> **WORK INSTRUCTION**:
From the line with "Rockport City Council, February 24, 2026" to the final line of the data below, please write out every line exactly, with no pictures.

> **RECORDS TO USE**:
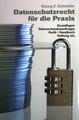 Datenschutzrecht für die Praxis : Grundlagen, Datenschutzbeauftragte, Audit, Han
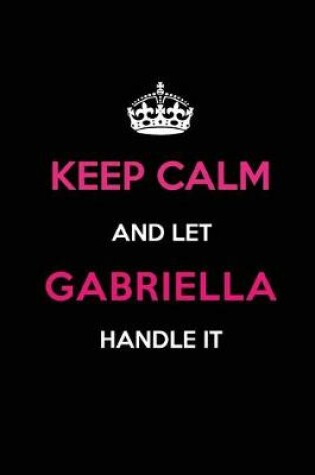 Cover of Keep Calm and Let Gabriella Handle It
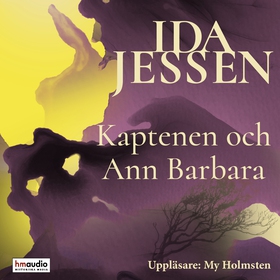 Kaptenen och Ann Barbara (ljudbok) av Ida Jesse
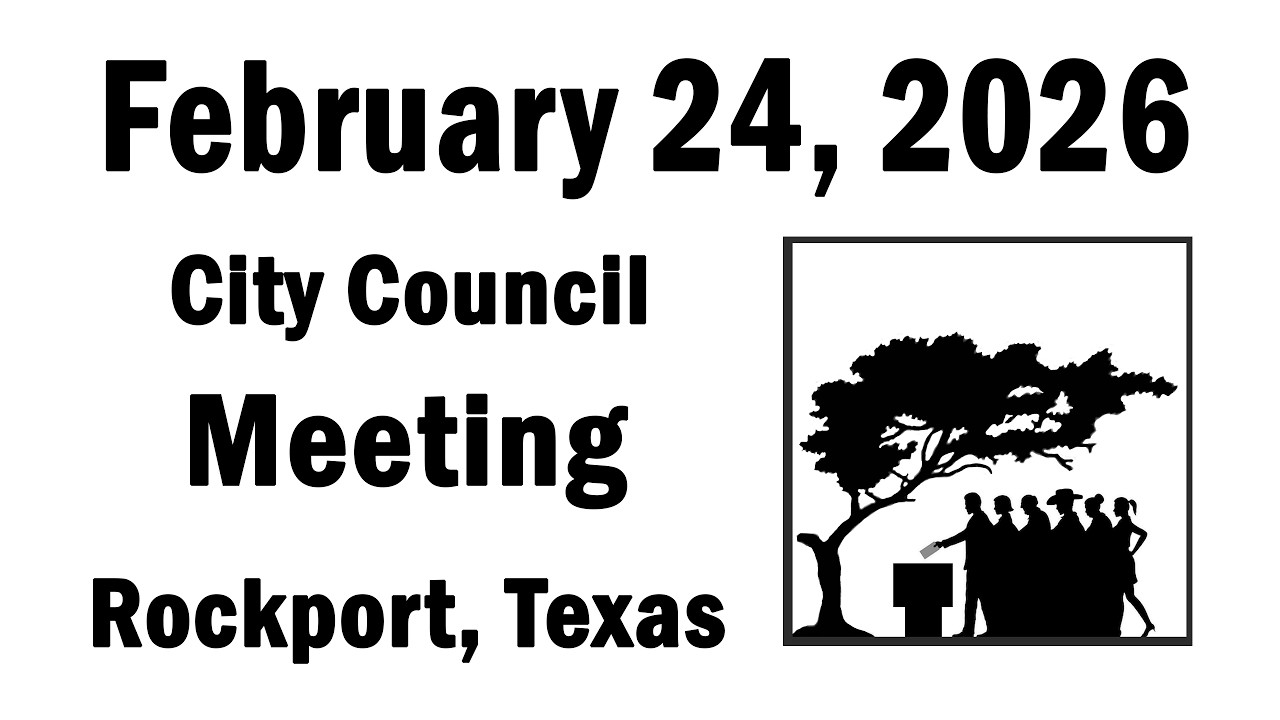 Rockport City Council, February 24, 2026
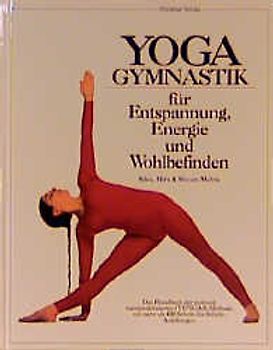 Yogagymnastik für Entspannung, Energie und Wohlbefinden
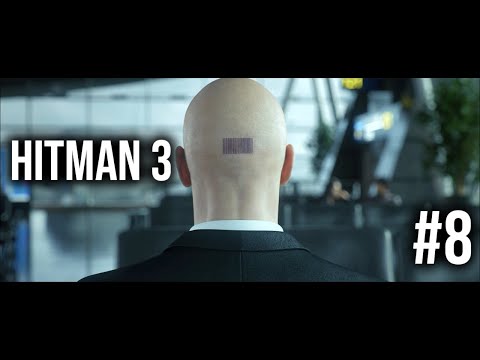 Hitman 3 | Part 8 Nightcall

> **COMPLETED EXERCISE**:
 Rockport City Council, February 24, 2026
 Yogagymnastik für Entspannung, Energie und Wohlbefinden
 Hitman 3 | Part 8 Nightcall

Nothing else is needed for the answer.